The record on postwar “nation-building” in Nicaragua and Kosovo are outside the orbit of his interest or knowledge; and although he is well aware of Bush’s unwillingness to spend money on nation-building at home, imperial faith causes this liberal Democrat to assume that even Bush will prove to be an overseas do-gooder.
In reality, the U.S.-organized coalitions to attack Iraq, Yugoslavia, and now Afghanistan, have been tightly controlled by the United States, with the help of its lap-dog British ally; the two, but mainly the United States, have done all the dirty work in Iraq, and they ran the bombing show in the Yugoslav war despite a supposed 19-member coalition (NATO) at work there; and the same is true in the Afghan war.
A few countries support the United States because its leaders truly believe in what it is doing, but many go along because of potential negative consequences of failing to line up behind the hegemon, and some leaders are bought. French president Mitterand admitted to taking part in the 1991 Persian Gulf war to assure membership in the “Club des Grands,” and Italian Prime Minister Massimo D’Alema explained that taking part in the Kosovo war was essential for Italy to “count as a major country.”
It is sad to see Nelson Mandela also supporting the U.S. “war against terrorism” (“Anwar Sadat Lecture for Peace [sic],” University of Maryland, Nov. 15, 2001), which I suspect he is doing partly in the Mitterand-D’Alema mold–to be an accepted member of the respectable state cohort.
But I wouldn’t be surprised if he has been sold by the saturation coverage of the victims of the 9/11 attacks, which reflects U.S. power and the global power of the U.S. media. If Mandela and many others were provided each day with pictures of dying Iraqi children, with Iraqi and other indignant descriptions of the U. S.-British refusal to allow Iraq to import equipment to make its water safe, his consciousness and indignation on that “terrorism” would be greatly elevated.
Similarly, if the media directed the same energy to interviewing Afghan refugees as they did Kosovo Albanians during the NATO bombing of Yugoslavia, and focused on the damaging effects of the war on supplying food to a starving population, Mandela’s perspective might well alter.
It is sad also that Mandela can’t reflect on the fact that the United States held the African National Congress to be a terrorist organization in the 1980s, and that the CIA helped South Africa capture and imprison its terrorist commander, Nelson Mandela. What would he think of a Third World country that had gotten on THAT antiterrorist bandwagon?
It is well-known that Egypt had a multi-billion dollar debt forgiven for supporting the first Bush, while Yemen, refusing to go along on a Persian Gulf war vote, was told by a U.S. official that this would be “the most expensive ‘no’ vote you ever cast,” followed shortly thereafter by its loss of a $70 million aid package.
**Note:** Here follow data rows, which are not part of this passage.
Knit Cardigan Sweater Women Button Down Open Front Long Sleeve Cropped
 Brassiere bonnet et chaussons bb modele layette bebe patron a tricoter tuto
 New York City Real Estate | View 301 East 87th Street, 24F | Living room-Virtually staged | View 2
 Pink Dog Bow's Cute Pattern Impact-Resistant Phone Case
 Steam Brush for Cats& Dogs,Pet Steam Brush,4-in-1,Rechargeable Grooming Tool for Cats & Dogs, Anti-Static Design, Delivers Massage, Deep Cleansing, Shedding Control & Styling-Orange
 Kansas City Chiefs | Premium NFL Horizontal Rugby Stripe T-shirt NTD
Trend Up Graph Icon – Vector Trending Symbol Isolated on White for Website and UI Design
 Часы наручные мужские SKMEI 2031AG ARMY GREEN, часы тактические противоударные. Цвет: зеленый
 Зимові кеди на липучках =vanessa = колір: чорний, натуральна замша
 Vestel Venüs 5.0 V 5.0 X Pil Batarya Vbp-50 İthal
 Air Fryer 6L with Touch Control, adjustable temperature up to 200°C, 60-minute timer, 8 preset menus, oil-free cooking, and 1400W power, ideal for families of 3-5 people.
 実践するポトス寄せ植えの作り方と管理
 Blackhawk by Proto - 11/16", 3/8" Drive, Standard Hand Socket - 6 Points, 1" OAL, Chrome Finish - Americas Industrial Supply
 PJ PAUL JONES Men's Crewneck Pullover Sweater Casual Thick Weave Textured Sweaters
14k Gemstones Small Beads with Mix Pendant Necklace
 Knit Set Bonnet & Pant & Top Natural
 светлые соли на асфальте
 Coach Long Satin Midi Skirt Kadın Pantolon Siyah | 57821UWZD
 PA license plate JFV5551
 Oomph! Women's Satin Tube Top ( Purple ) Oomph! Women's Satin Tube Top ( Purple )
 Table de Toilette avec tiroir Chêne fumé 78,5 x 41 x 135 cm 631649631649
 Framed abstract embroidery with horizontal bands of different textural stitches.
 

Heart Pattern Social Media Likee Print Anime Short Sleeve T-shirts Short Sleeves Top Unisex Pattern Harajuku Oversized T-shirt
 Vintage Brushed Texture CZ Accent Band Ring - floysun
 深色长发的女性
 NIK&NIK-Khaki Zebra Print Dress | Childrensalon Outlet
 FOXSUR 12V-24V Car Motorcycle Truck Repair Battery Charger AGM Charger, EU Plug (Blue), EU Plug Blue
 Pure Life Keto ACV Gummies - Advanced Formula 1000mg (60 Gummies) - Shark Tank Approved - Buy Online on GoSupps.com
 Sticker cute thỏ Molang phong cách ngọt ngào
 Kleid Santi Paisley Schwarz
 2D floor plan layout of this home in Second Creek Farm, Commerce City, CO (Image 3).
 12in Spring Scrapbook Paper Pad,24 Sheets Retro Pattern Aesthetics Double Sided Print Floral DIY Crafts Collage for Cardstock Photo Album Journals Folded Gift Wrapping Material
Currently, Pakistan has been given substantial payments for servicing the U.S. war, and Russia, Uzbekistan, and others as well are being paid off.
The U.S. mainstream media, however, speak of the emergence of these coalitions as a wondrous upsurge of support from the world community based on moral solidarity, not fear of retaliation, threats, or bribery.
That these coalitions represent and support extreme superbullying by the Great Powers is never hinted at–these are always moral ventures and just causes.
That the publics in many of these countries are unsympathetic to the war, not having been bought or coerced as their elite leaderships, is rarely mentioned. In short, the U.S. media are an integral part of a beautifully working war machine, serving their state with at least as much bias and enthusiasm as Serb broadcasting served its state, before it was bombed out of existence by NATO for war service.